▶ Your instructions: Give back the line where "LOUIS VUITTON M95341" appears and all the lines after it until the listing ends, unchanged and with nothing else.

»»

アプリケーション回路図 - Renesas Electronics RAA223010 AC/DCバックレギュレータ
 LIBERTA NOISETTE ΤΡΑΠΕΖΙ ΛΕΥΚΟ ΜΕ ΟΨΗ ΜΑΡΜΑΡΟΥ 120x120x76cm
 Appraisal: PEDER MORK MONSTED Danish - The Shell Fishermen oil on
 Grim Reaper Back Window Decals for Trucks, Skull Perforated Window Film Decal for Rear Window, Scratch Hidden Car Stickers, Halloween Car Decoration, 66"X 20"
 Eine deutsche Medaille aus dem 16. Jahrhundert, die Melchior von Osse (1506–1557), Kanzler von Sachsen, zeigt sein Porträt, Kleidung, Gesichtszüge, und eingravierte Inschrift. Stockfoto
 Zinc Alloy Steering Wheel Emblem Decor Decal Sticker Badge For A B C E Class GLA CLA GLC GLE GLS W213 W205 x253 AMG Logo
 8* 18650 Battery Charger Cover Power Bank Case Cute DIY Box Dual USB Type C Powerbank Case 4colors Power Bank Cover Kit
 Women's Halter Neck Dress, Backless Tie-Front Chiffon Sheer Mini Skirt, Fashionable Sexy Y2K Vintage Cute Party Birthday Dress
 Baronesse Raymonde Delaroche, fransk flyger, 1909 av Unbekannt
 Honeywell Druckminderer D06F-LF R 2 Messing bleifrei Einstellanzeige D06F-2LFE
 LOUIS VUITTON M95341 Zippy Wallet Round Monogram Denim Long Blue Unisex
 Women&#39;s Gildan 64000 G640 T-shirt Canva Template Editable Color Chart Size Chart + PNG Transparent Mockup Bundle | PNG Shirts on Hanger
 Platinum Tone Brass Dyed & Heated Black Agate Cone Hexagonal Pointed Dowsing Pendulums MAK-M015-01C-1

««

▶ Written response:
 LOUIS VUITTON M95341 Zippy Wallet Round Monogram Denim Long Blue Unisex
 Women&#39;s Gildan 64000 G640 T-shirt Canva Template Editable Color Chart Size Chart + PNG Transparent Mockup Bundle | PNG Shirts on Hanger
 Platinum Tone Brass Dyed & Heated Black Agate Cone Hexagonal Pointed Dowsing Pendulums MAK-M015-01C-1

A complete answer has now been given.